Given data
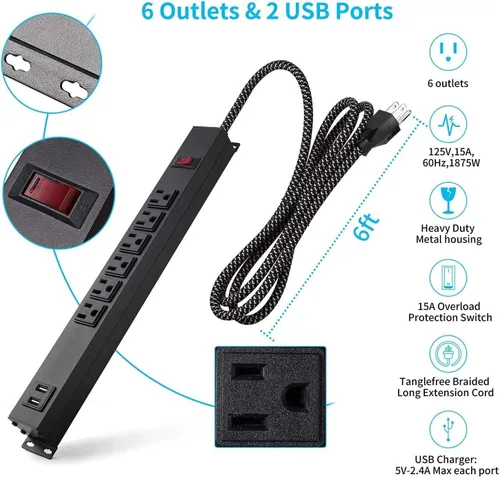 Vista 2 de Regleta de alimentación de metal para montaje en pared con 2 puertos USB, protector de sobretensiones 300J, cable de extensión de 6 pies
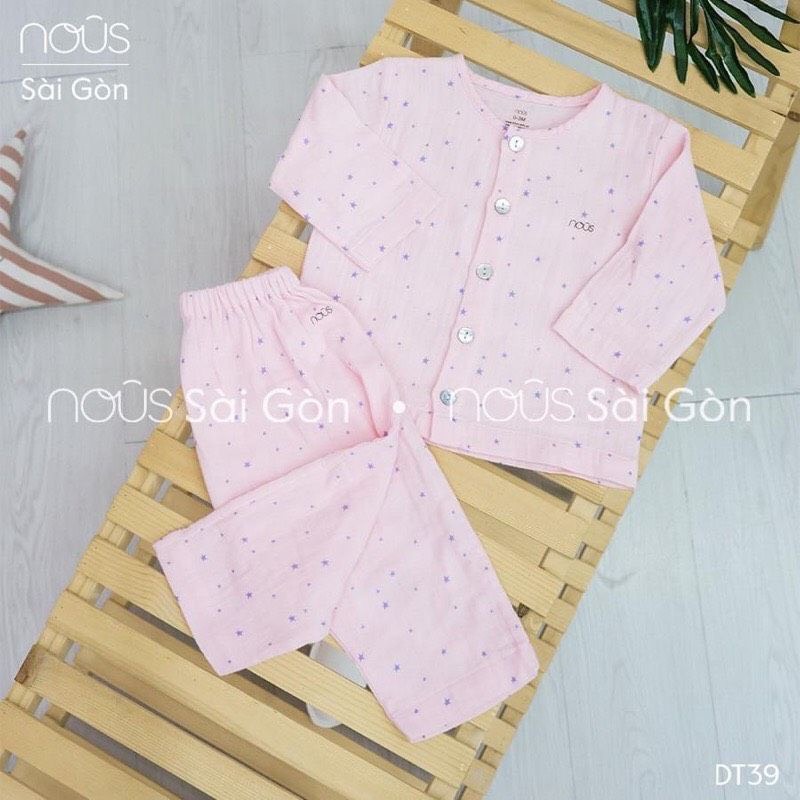 NOUS SALE - Bộ cài thẳng dài tay màu hồng cho bé 0M-12M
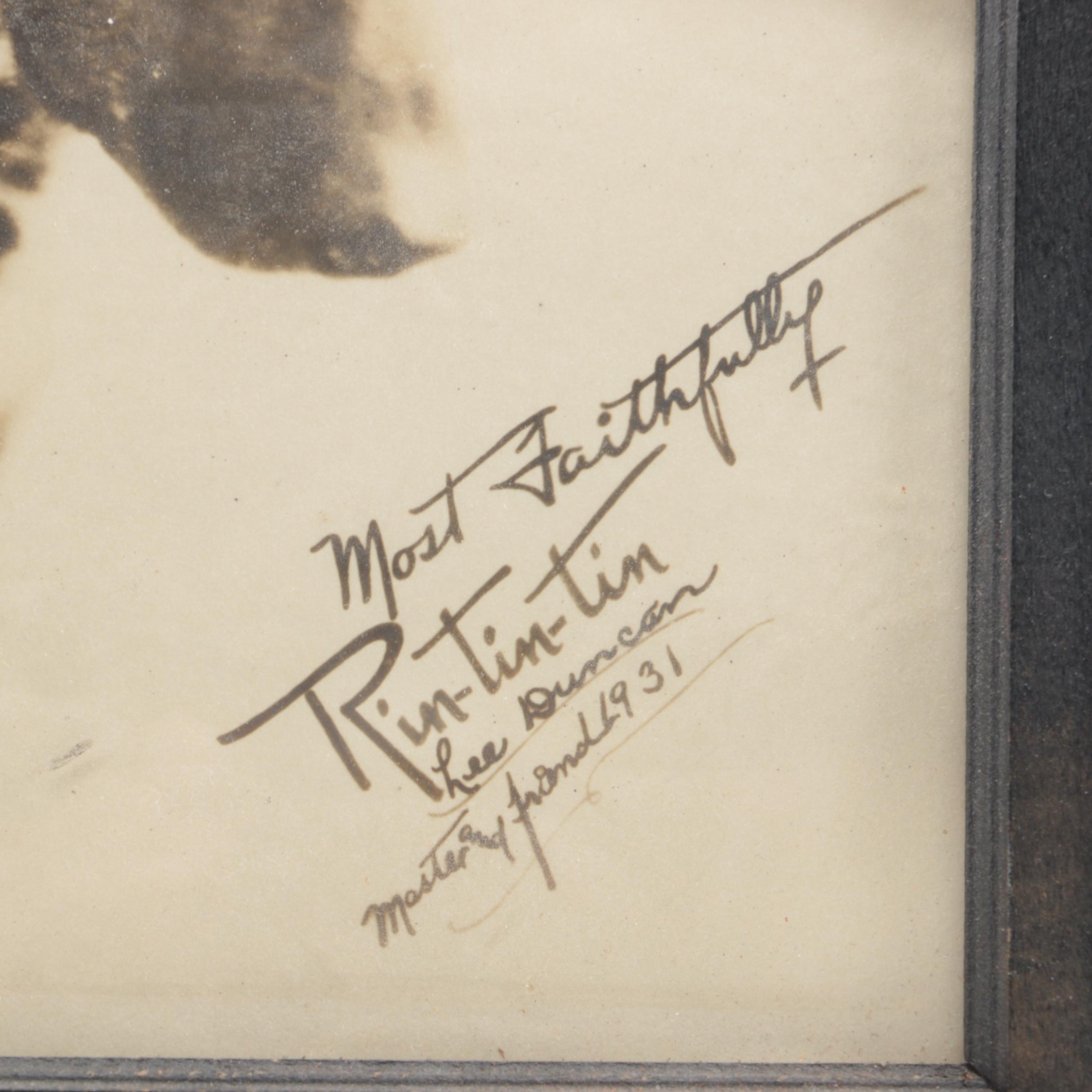 Rin-Tin-Tin Photograph Signed by Lee Duncan, 1931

Your objective
Except for the pictures, give the data again word for word.

Task solution
 Vista 2 de Regleta de alimentación de metal para montaje en pared con 2 puertos USB, protector de sobretensiones 300J, cable de extensión de 6 pies
 NOUS SALE - Bộ cài thẳng dài tay màu hồng cho bé 0M-12M
 Rin-Tin-Tin Photograph Signed by Lee Duncan, 1931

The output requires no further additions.